I know after any bad weather, my family and friends always ask everyone to check-in. The user could also use this app if they have any of the following:

  • Important outdoor events
  • Upcoming road trips
  • Outdoor work events to schedule
In [53]:
#generate frequency table for "Category" column

google_category_freq_table = freq_table(google_free_apps,1)
 

for category in google_category_freq_table:
    total_installs = 0 # sum of installs
    len_category = 0 # apps specific to each genre
    avg_install_by_category = {}
    for row in google_free_apps:
        category_app = row[1]
        # isolate the apps of each genre 
        if category_app == category:
            installs = row[5]
            installs_replaced = installs.replace("+"," ")
            installs_replaced = installs_replaced.replace(",","")
            total_installs += int(installs_replaced)
            len_category += 1
    # divide the sum installs by the sum of apps belonging to that category 
    avg_installs = total_installs/len_category
    avg_install_by_category[category] = avg_installs
 
    # sort the average user ratings by genre in descending order
    table = avg_install_by_category
    table_display = []
    for key in table:
        key_val_as_tuple = (table[key], key)
        table_display.append(key_val_as_tuple)

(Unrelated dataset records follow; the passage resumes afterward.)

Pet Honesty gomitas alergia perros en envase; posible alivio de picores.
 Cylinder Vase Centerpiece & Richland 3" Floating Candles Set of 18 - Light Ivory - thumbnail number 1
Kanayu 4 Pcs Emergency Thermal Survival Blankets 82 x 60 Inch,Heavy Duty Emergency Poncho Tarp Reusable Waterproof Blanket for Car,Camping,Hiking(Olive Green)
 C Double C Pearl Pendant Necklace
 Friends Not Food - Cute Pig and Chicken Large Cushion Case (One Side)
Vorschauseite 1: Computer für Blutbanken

    table_sorted = sorted(table_display, reverse = True)
    for entry in table_sorted:
        print(entry[1], ':', entry[0])
ART_AND_DESIGN : 1986335.0877192982
AUTO_AND_VEHICLES : 647317.8170731707
BEAUTY : 513151.88679245283
BOOKS_AND_REFERENCE : 8767811.894736841
BUSINESS : 1712290.1474201474
COMICS : 817657.2727272727
COMMUNICATION : 38456119.167247385
DATING : 854028.8303030303
EDUCATION : 1833495.145631068
ENTERTAINMENT : 11640705.88235294
EVENTS : 253542.22222222222
FINANCE : 1387692.475609756
FOOD_AND_DRINK : 1924897.7363636363
HEALTH_AND_FITNESS : 4188821.9853479853
HOUSE_AND_HOME : 1331540.5616438356
LIBRARIES_AND_DEMO : 638503.734939759
LIFESTYLE : 1437816.2687861272
GAME : 15588015.603248259
FAMILY : 3695641.8198090694
MEDICAL : 120550.61980830671
SOCIAL : 23253652.127118643
SHOPPING : 7036877.311557789
PHOTOGRAPHY : 17840110.40229885
SPORTS : 3638640.1428571427
TRAVEL_AND_LOCAL : 13984077.710144928
TOOLS : 10801391.298666667
PERSONALIZATION : 5201482.6122448975
PRODUCTIVITY : 16787331.344927534
PARENTING : 542603.6206896552
WEATHER : 5074486.197183099
VIDEO_PLAYERS : 24727872.452830188
NEWS_AND_MAGAZINES : 9549178.467741935
MAPS_AND_NAVIGATION : 4056941.7741935486

Analyze the number of android installs on Google Play

Based on a review of the frequency table for the Category column, the top category is Family at around 18%.

However, Family apps only average around 3,695,641 installs per app. Communcation apps average the most installs with around 38,000,000 installs per app. Medical apps again average the least installs with only 120,550 per app.

Eventhough Family apps are the leading category, communication apps receive the most user engagement . Since the company's revenue is dependent upon user engagement and interation, I would recommend a Sports app with a social media aspect where users would receive sports alerts and the user could interact with the app by:

  • posting sports pictures with "friends or family" groups
  • sending sports reminders to friends
  • creating sports group that includes friends and family
  • creating sports watch parties

I know during "March Madness" and the NBA playoffs, we talked on the phone watching the game, so a watch party would have been great.

Next Steps for Additional Analysis: Analyze the frequency table for the Genre column of the Google Play dataset, and find useful patterns. Assume company could also make revenue via in-app purchases and subscriptions, and determine which genres seem to be liked the most by users. Refine project using data science project style guide.